Task for the records below: copy exactly from the first line on, stopping once the line with "CharleneWoods online show" is copied, and leave out the pictures.

....

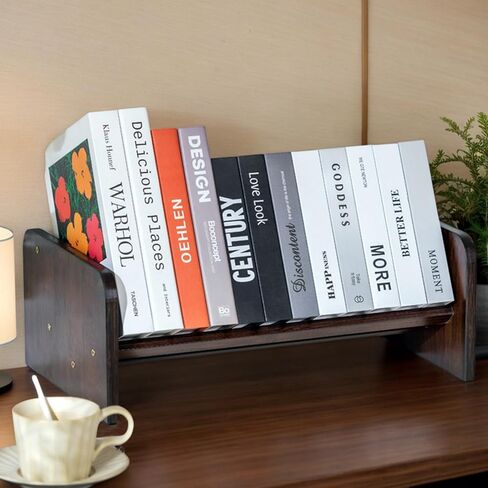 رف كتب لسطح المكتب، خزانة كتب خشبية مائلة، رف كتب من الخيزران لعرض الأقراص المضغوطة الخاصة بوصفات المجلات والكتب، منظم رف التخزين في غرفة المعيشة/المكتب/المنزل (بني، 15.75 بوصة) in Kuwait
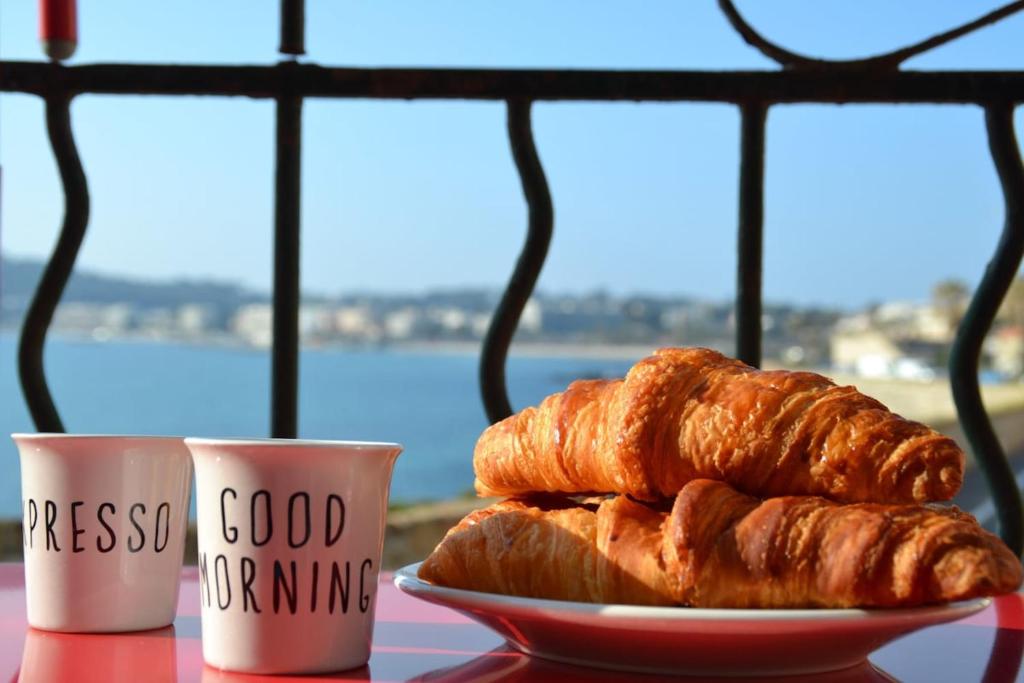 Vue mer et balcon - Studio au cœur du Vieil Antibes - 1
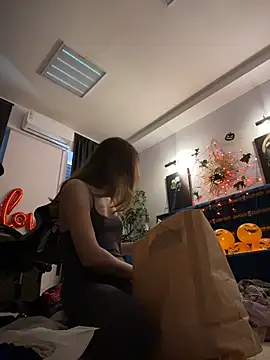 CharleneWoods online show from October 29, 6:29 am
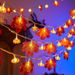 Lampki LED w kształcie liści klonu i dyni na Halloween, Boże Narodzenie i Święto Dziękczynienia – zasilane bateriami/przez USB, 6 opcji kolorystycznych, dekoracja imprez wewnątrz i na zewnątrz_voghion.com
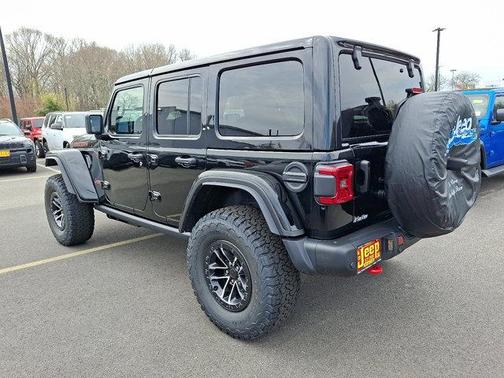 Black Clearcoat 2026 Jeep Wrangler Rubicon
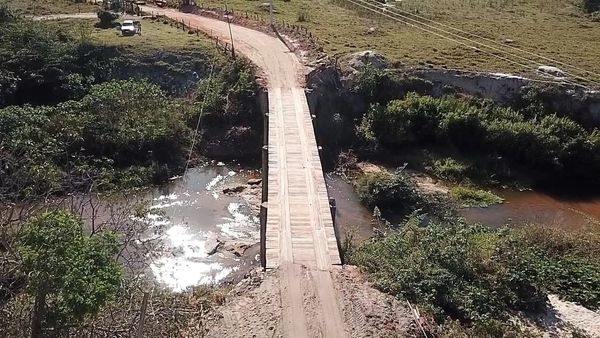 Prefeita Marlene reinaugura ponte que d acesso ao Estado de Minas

....

### [Response]
 رف كتب لسطح المكتب، خزانة كتب خشبية مائلة، رف كتب من الخيزران لعرض الأقراص المضغوطة الخاصة بوصفات المجلات والكتب، منظم رف التخزين في غرفة المعيشة/المكتب/المنزل (بني، 15.75 بوصة) in Kuwait
 Vue mer et balcon - Studio au cœur du Vieil Antibes - 1
 CharleneWoods online show from October 29, 6:29 am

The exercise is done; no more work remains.